You might assume the most expensive painting in the world is sitting nicely in a museum such as the Louvre, but that’s far from the truth. Once thought lost but rediscovered and restored in 2005, the Salvator Mundi by Leonardo da Vinci was sold at auction in 2017 for a record-breaking figure. Despite being bought for a cultural display and said to be going on display in the Louvre Abu Dhabi, the painting instead has vanished.

So where is it now? And the bigger question: is it even a genuine da Vinci – a question that the art world has been asking itself for years?

the Salvator Mundi hanging at exhibition in the museum of Naples
Photo credit: Salvatore Laporta/KONTROLAB /LightRocket via Getty Images)

What is the Salvator Mundi?

The Salvator Mundi is an image that has been used in the past by a variety of artists, not just Leonardo da Vinci. For example, there is a Salvator Mundi painting by Andrea Previtali at the National Gallery in London.

Because of the specific style of this painting, historians believe it was likely commissioned by a patron, but who that might be is as mysterious as the painting itself. Guesses range from Louis XII of France and his consort Anne of Brittany, King Matthias Corvinus of Hungary, and Charles VIII of France.

It is believed that there are about 30 copies of this particular painting, including variations, that have been created by pupils and followers of Leonardo Da Vinci. Known as the Leonardeschi, this collection of artists worked in the studio or under the direction of Leonardo da Vinci himself. The number of copies suggests that there must have been one original painting, created by Leonardo himself, from which everyone worked.

But which painting is the original?

The original has been listed in various inventories throughout history but seems to have been lost around 200 years ago. In 1978, Joanne Snow-Smith put forward the argument that the copy in the Marquis Jean-Louis de Ganay Collection in Paris was the original. She claimed that the proof was in its similarity to Leonardo’s painting Saint John the Baptist, but few agreed with her.

Then, in 2005, a painting was acquired by an art consortium from the estate sale of a Baton Rouge businessman. They paid the New Orleans auction house a mere $1,175 for it.

Believing that they might have the original on their hands (albeit one that had been painted over at some point), the consortium brought in Dianne Dwyer Modestini from New York University to restore the piece.

Infrared photographs revealed an earlier draft of the painting underneath where the thumb was in two different positions. This was held to be a crucial detail because, if the painting were a copy, there would not have been such an alteration of the thumb partway through the painting process. It must be the original when the position of the thumb was still being debated.

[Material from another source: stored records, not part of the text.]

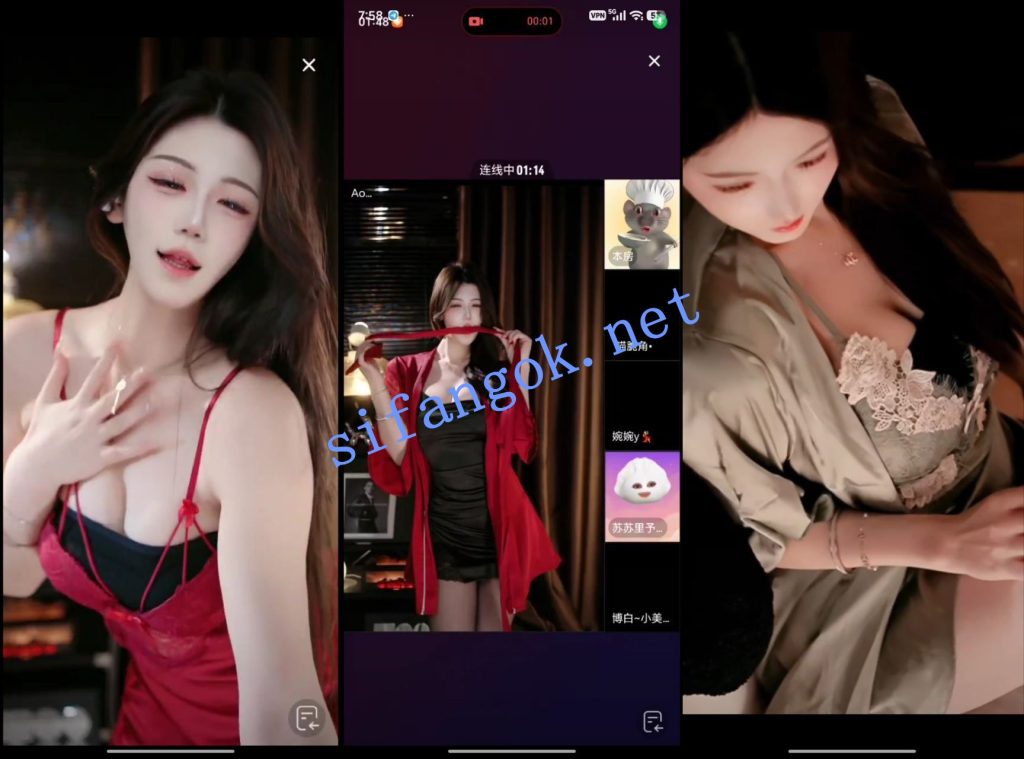 【抖音】小唯文化传媒 礼物擦边舞蹈 32V【32V】【2.49G】 预览图 3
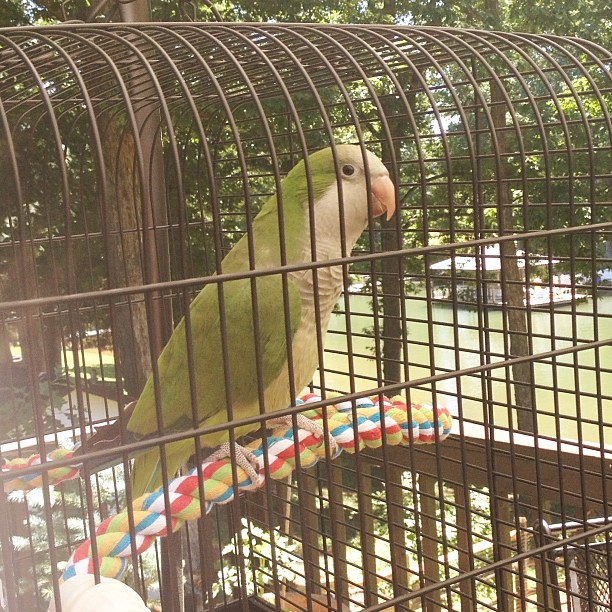Perfect day for the outdoor cage #parrot #lovethisweather
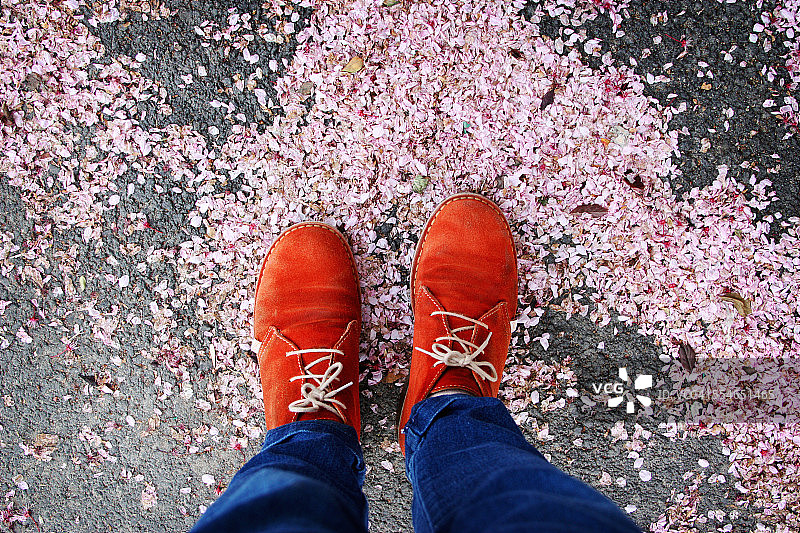 站在树上的腿部高空景观图片素材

Once restored, the painting was authenticated as that by Leonardo. Art historian Martin Kemp had been critical of Modestini’s efforts, stating that both the thumbs in their raw state “are rather better than the one painted by Dianne.”

However, in general, the world accepted this painting as being by Leonardo.

The Christie’s auction and the painting disappearance

After being displayed around the world, the painting was sold at Christie’s auction house in New York on November 15, 2017, for a record-breaking $450,312,500 (being $400 million for the painting itself and $50.3 million in fees).

The purchaser was Saudi Arabian prince Badr bin Abdullah. It was subsequently suggested by The Wall Street Journal that Prince Badr had been acting as a proxy for Crown Prince Mohammed bin Salman. But Christie’s later confirmed that Prince Badr was acting on behalf of Abu Dhabi’s Department of Culture and Tourism. He had acquired the painting for a display at the Louvre Abu Dhabi.

painting hanging up a christies auction house
Photo Credit: TOLGA AKMEN/AFP via Getty Images)

However, in September 2018, the exhibition was indefinitely postponed. If that was the case, then where was the painting and what would happen to it?

Some people think it’s safely stored away in a secure location in Geneva, while others believe it’s on the Prince’s half-a-billion-dollar yacht. No one knows for sure (except, presumably, the owners, but they’re not saying).

Saudi Arabia's Crown Prince Mohammed bin Salman
Saudi Arabia’s Crown Prince Mohammed bin Salman, the purchaser of the Salvator Mundi (Photo Credit: MANDEL NGAN/AFP via Getty Images)

Two new documentaries examine the issue

The artworld is still divided about whether the Salvator Mundi that was sold at Christie’s is the original or not, an issue that was highlighted in two documentaries this year: The Lost Leonardo and Saviour for Sale: Da Vinci’s Lost Masterpiece? In August 2021, the BBC Culture website reviewed both documentaries, detailing the new theories or facts they revealed.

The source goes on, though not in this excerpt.